The Reaction from the Auto Industry is Split
Understandably, the auto industry has some opinions about Newsome’s decisions. Interestingly, it seems that those opinions are split. Ford Motor Company outright agreed with Newsome’s policy, while other companies agreed with John Bozella—president and CEO of Alliance for Automotive Innovation, an auto-industry group which represents Ford and virtually every major auto manufacturer—when he said that “neither mandates nor bans build successful markets.”
Some auto industry analysts believe that the window of time is too small for the technology to develop to the point where Newsome’s mandate is truly practical. Regardless of the order, it does seem like the industry is trending towards zero-emissions. BMW’s CEO Oliver Zipse had already set a goal to cut carbon emissions by 40% and to put 7 million electric BMWs on the roads over the next ten years.
Zipse has gone on record saying that “the best vehicles in the world are sustainable, that is why premium and sustainability will be even more inextricably linked in the future” and Volvo seems to agree. The Swedish auto manufacturer announced on Thursday, September 24th, that they would be launching a green bond to fund its electric vehicle program.
Internationally, there is a precedent being set. There are 22 countries that have some form of a plan to phase out fossil fuels by 2040, with most having their plan set to start in 2030. It would be naive to think that auto industry would be resisting change because of American purchasing power, even if California’s power to set their own emissions regulations is fully revoked by President Trump; so, do not be surprised if this becomes the norm.
Is this Practical?
At the end of the day, the question on most’s mind is whether or not this order is practical. Right now, the cost barrier to owning an electric vehicle is set fairly high, worrying some about their ability to drive in the future. This is why it is important to note that the ban only applies to the sale of new cars, used gas-powered cars would still be allowed to be sold in California after 2035.
This writer spent many years in California and can attest to the fact that the car culture in that state makes having an automobile almost a prerequisite. If the order were to prevent swaths of the nation’s most populous state from, it would most likely be revoked. Automakers themselves are also addressing that concern, with Tesla hoping to roll out an electric vehicle starting at $25,000 in the next few years.

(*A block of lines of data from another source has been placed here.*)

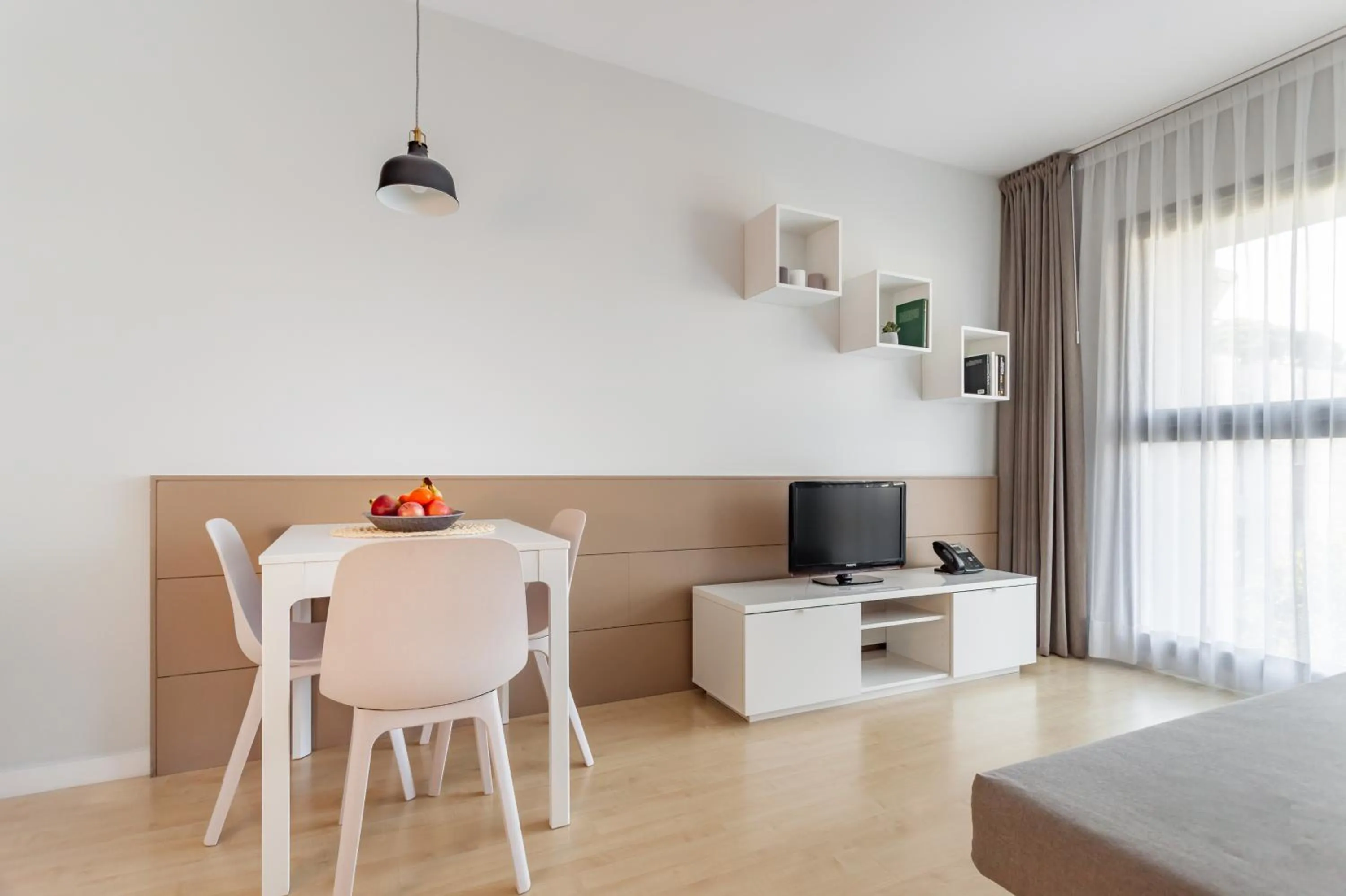 TV and multimedia in Apartamentos Royal Marina Gardens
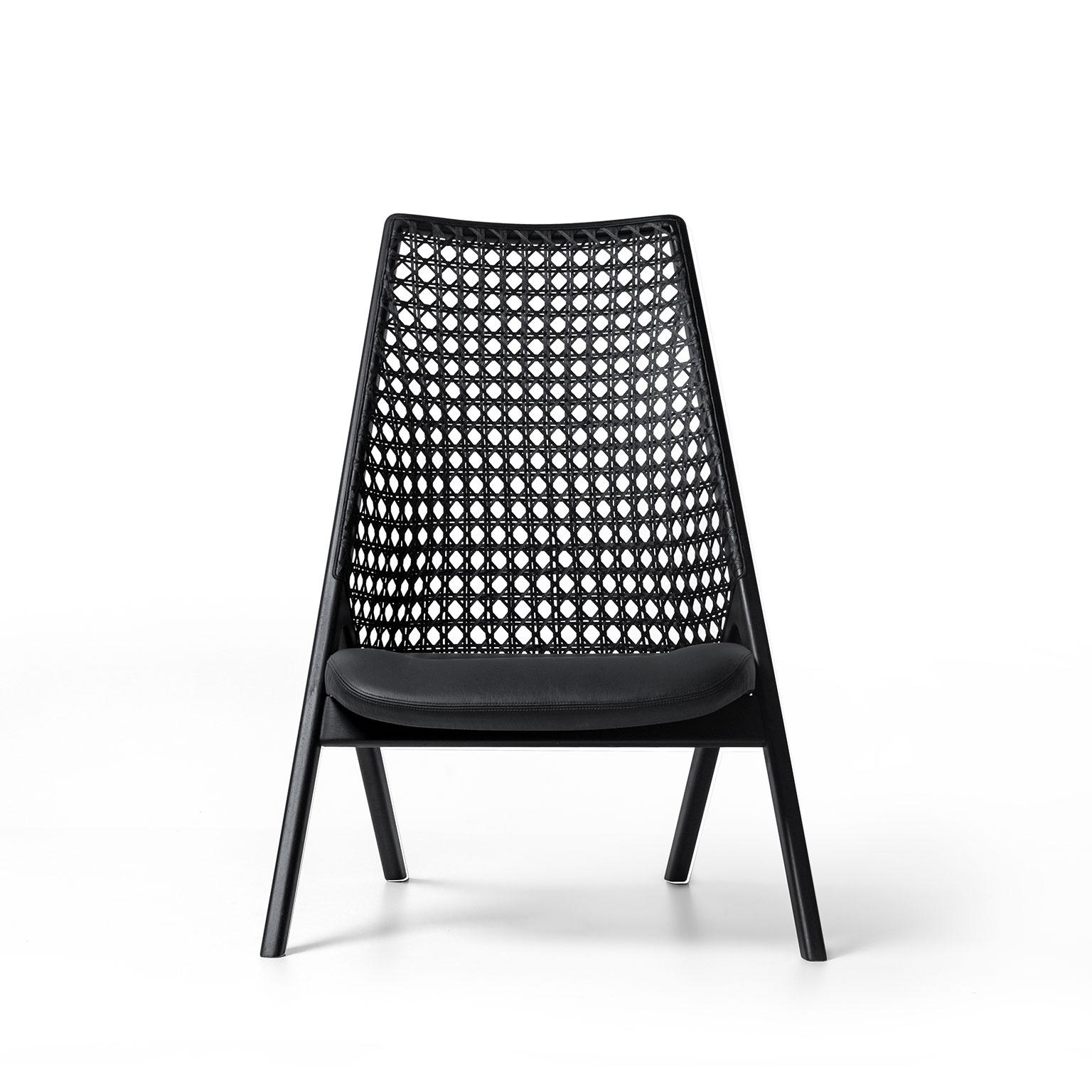 Tela lounge chair is a fusion of contemporary design and traditional Brazilian materials. The backrest weave is inspired by the classic cane woven pattern of the midcentury furniture. It was recreated in a larger scale and made with cotton thread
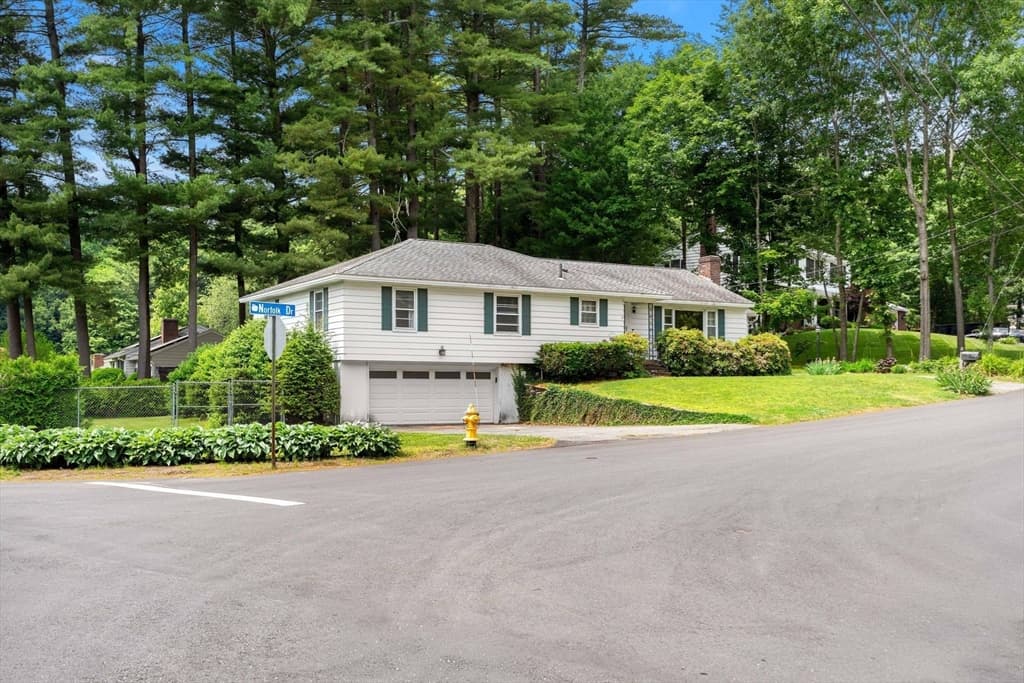 Single Family Residence at 6 Norfolk, Leominster MA 01453, photo 3 of 36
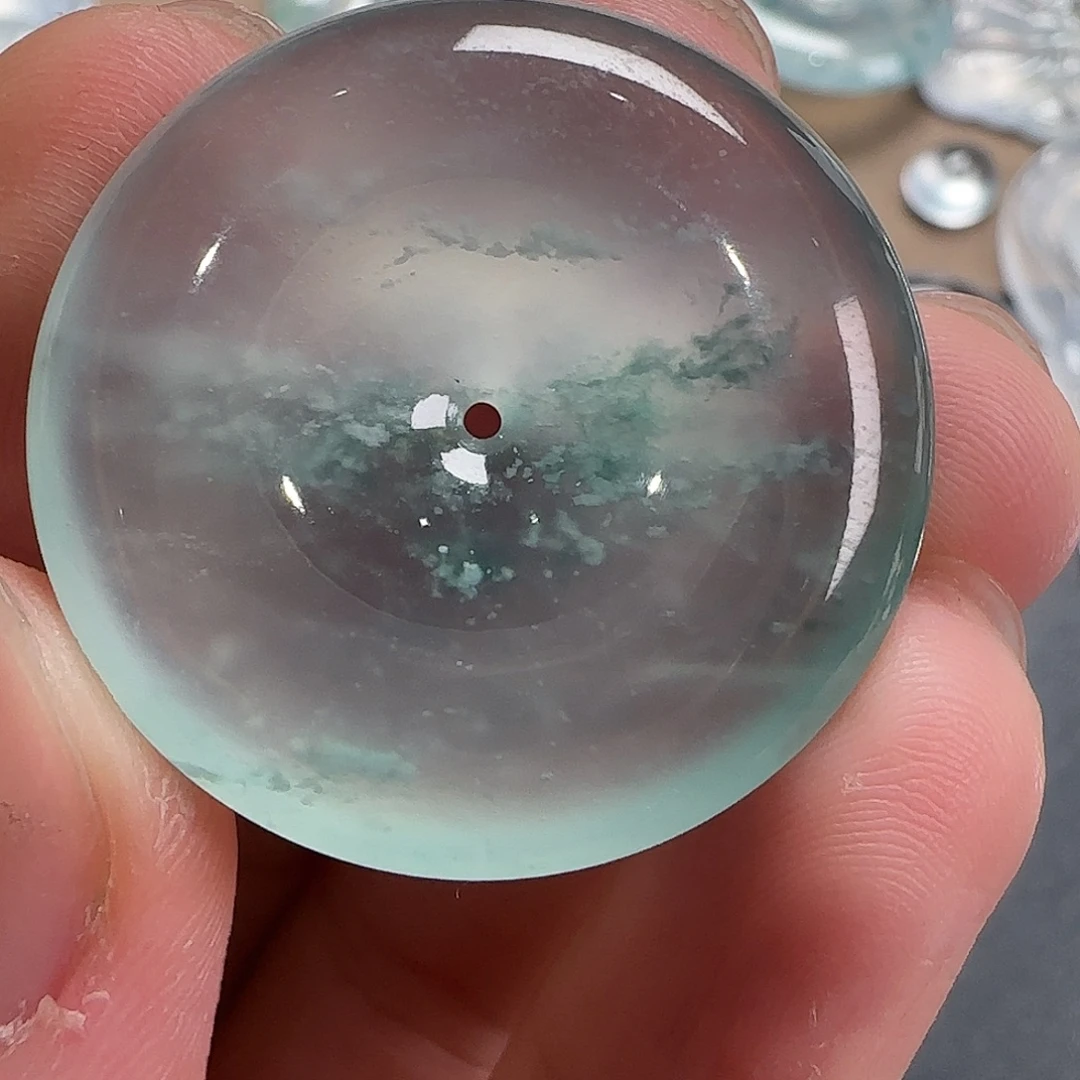 翡翠未镶嵌颈饰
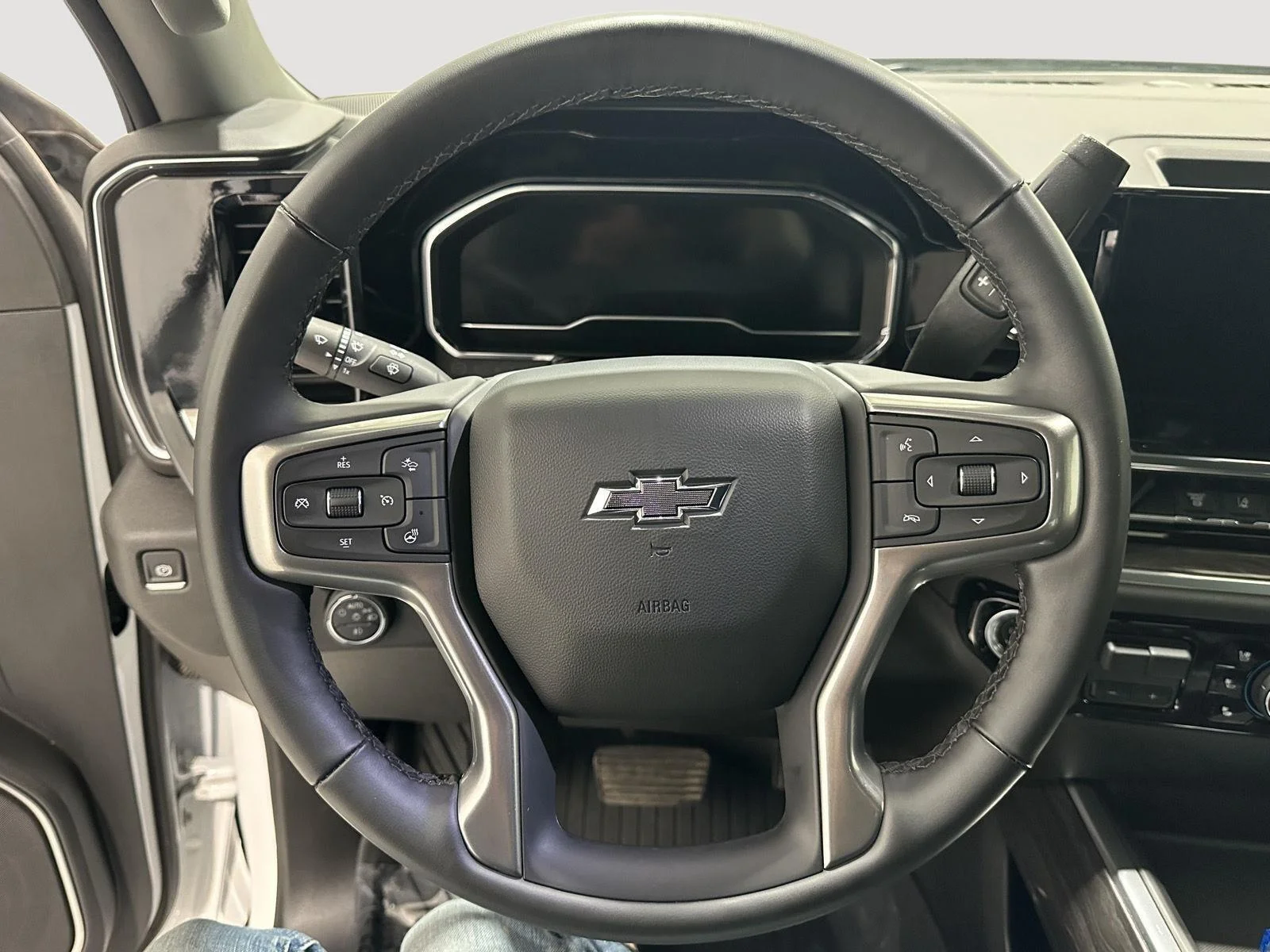 Used 2025 Summit White Chevrolet LTZ image 9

Ultimately, there will have to be investment in infrastructure one way or the other. There will need to be significantly more charging stations put up across the state and Californians would most likely benefit from an overhaul to the public transit systems. Aside from those concerns, California’s production of electricity would need to increase by an estimated 25%.
All in all, this is a landmark order that is signalling a major shift in the automotive industry and in spite of Bozella’s assertion that mandates don’t build markets, there seems to be a lot of opportunities in many different sectors to capitalize on the change.